Desafios da Zona Franca de Manaus: Avanços no Modelo Econômico no Mundo 4.0
O Centro da Indústria do Estado do Amazonas busca defender a ZFM em ação judicial e ressalta a necessidade de um novo modelo econômico adaptado à era digital.

A disputa entre São Paulo e a Zona Franca de Manaus (ZFM) é um conflito que se arrasta há muito tempo. O Centro da Indústria do Estado do Amazonas (CIEAM) protocolou um pedido para atuar como amicus curiae na Ação Civil Pública nº 1049079-37.2026.4.01.3400, movida pela FIESP, que questiona a Lei Complementar nº 214/2025. Essa lei é crucial para manter a competitividade da ZFM no cenário da Reforma Tributária.
Bruno Loureiro, presidente da Associação Comercial do Amazonas, destacou que a ACA também se unirá para defender a constitucionalidade dos créditos presumidos da ZFM. Ele enfatizou a importância de preservar a competitividade do modelo econômico que é a base da produção e da economia no Amazonas. A disputa não é nova, refletindo uma longa trajetória de desafios enfrentados pela ZFM desde sua criação.

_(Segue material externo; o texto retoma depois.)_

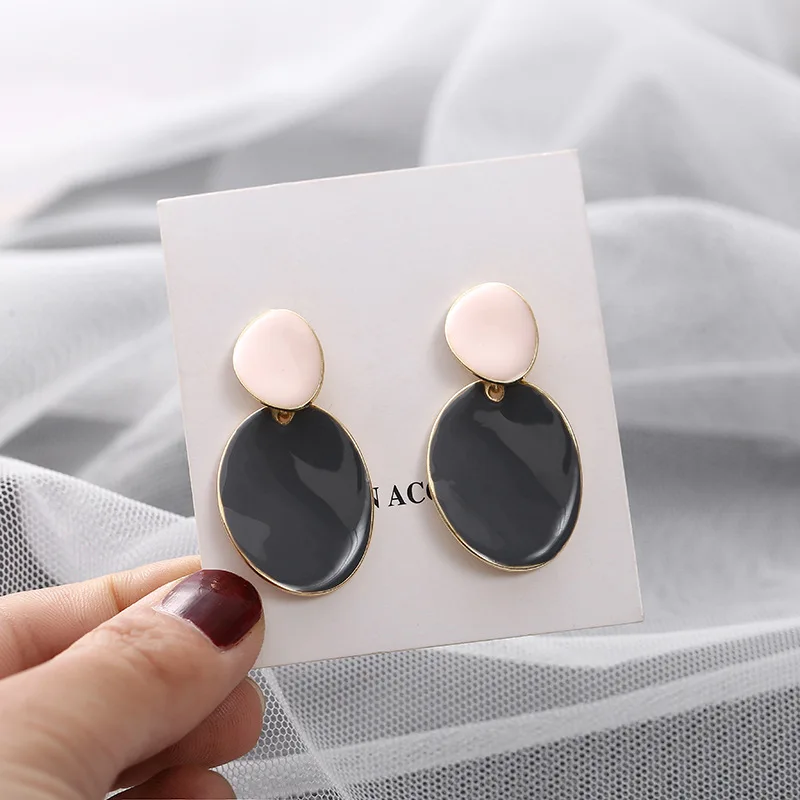 New design creative jewelry high-grade elegant earrings round Gold earrings wedding party earrings for woman
New design creative jewelry high-grade elegant earrings round Gold earrings wedding party earrings for woman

Desde a sua fundação, a Zona Franca já enfrentou diversas dificuldades, especialmente durante as crises dos anos 1980 e 1990. Ao longo das décadas, a ZFM tem lidado com constantes ataques e questionamentos sobre a validade de suas políticas de incentivos. Apesar da importância desses incentivos para a economia local, a falta de reconhecimento do modelo produtivo amazonense por parte do complexo industrial brasileiro continua a ser um obstáculo.
Marx Gabriel, um empresário ativo no setor, comentou sobre a necessidade de o Brasil se adaptar às inovações tecnológicas. Ele observou que enquanto o país ainda debate a adoção de inteligência artificial, outros países, como a China, já avançam significativamente nesse campo. A Amazônia, embora tenha um polo industrial importante, ainda opera de forma periférica em relação aos principais centros de decisão global.
Antonio Azevedo, presidente do grupo TV LAR, ressaltou a importância de a população amazônida usufruir de forma sustentável o potencial econômico de sua biodiversidade. Ele apontou que a integração entre a ZFM, o Polo Industrial e a bioeconomia é fundamental para criar um novo modelo econômico que gere emprego e inclusão social. Azevedo destacou que as entidades de classe têm um papel estratégico na formulação de propostas que conciliem competitividade econômica com sustentabilidade ambiental.